Sono persone che hanno acquistato veicoli con prezzi che vanno dai 40/45 mila euro a 100.000 (tralasciando i prodotti di lusso che possono costare diverse centinaia di migliaia di euro). È un turismo che ama la libertà, il contatto con la natura, i percorsi culturali, l’enogastronomia e la sostenibilità. Certo, qualche volta queste persone mangiano in camper (magari prodotti acquistati nei negozi locali), altre volte frequentano ristoranti, quasi sempre acquistano biglietti per attrazioni culturali o ludiche, passano la giornata ai bagni, comprano giornali, bevono caffè e/o aperitivi nei locali della zona, pagano i parcheggi. Non è un turismo povero o di serie B. Semplicemente sono persone che non vanno in una località turistica e vi si fermano per una, due o tre settimane: preferiscono allargare i loro orizzonti.
Ma spendono e contribuiscono all’economia locale, come testimoniato anche dal Tavolo per il Turismo all’Aria Aperta. Possono quindi essere definiti parassiti, furbetti, scrocconi? Io credo proprio di no.
Come in ogni segmento della società civile, anche tra i camperisti possono esserci persone con disponibilità economiche più limitate (la cui unica “colpa” è quella di spendere meno) e magari possono annidarsi personaggi maleducati, a volte anche molto, che non rispettano le regole e nemmeno il buonsenso della convivenza civile.

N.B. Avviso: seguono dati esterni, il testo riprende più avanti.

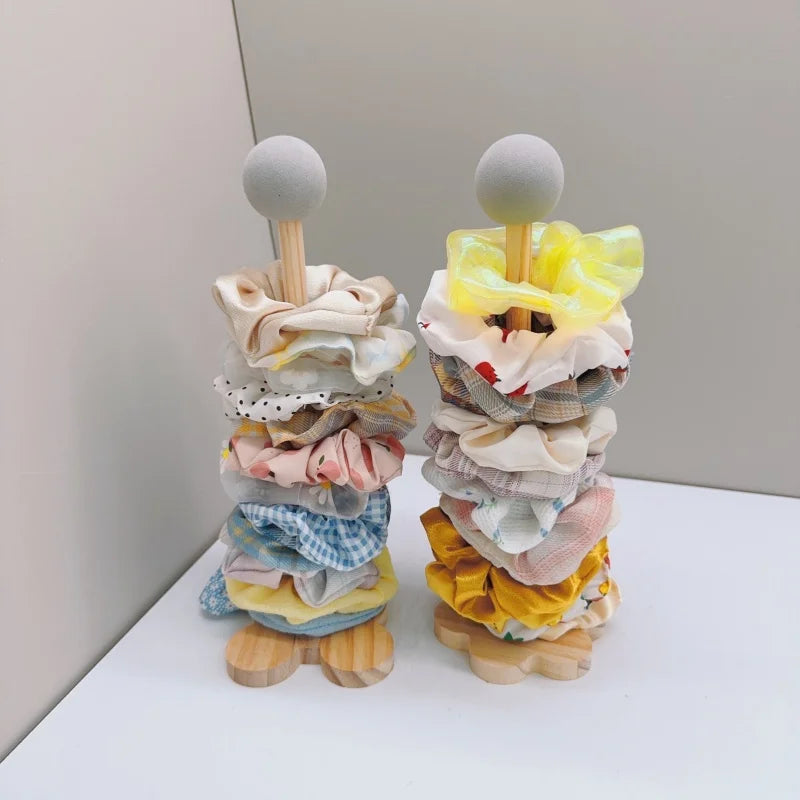 Hair Scrunchies Hairpin Organizer Cute Girl Jewelry Holder Head Rope Headband Display Rack Children's Hair Accessories Storage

Questi sì vanno sanzionati, ma quando si parla di questi episodi bisogna fare attenzione, giornalisticamente parlando, a non criminalizzare o insultare un’intera categoria. Leggendo il regolamento di polizia urbana da voi citato appare evidente l’intenzione di colpire esclusivamente chi effettua “attività assimilabili a campeggio” e per questo ritengo siano stati multati i sette camperisti citati dal vostro articolo.
Se così non fosse, i turisti multati esclusivamente perché “Avevano fermato i loro camper negli stalli sosta per le auto, stazionandovi tutta notte, dormendo e mangiando all’interno, consapevoli del fatto che il codice della strada glielo consente”, come avete scritto in apertura, avrebbero tutto il diritto di proporre ricorso (e quasi sicuramente lo vincerebbero). I comuni possono vietare infatti il campeggio (quello vero, non quello che sembra campeggio in base a criteri non noti), ma non la sosta. E durante la sosta le persone all’interno del veicolo possono usarlo per ciò per cui è stato prodotto, naturalmente nel rispetto delle norme nazionali.
Rispetto che dovrebbe esistere anche in senso contrario, da parte vostra nei confronti dei turisti, ed eventualmente anche da parte di autorità locali che possono commettere errori quando cercano di combattere fenomeni non graditi.
Queste mie riflessioni vogliono essere una lettera aperta che possa servire da stimolo e da confronto per tutti gli attori coinvolti nel mondo del turismo, da chi si occupa di ospitalità alle amministrazioni locali, da chi fa informazione a chi deve fare rispettare le regole. Per questo pubblico queste note anche sul blog Seimetri.it e sui relativi profili social.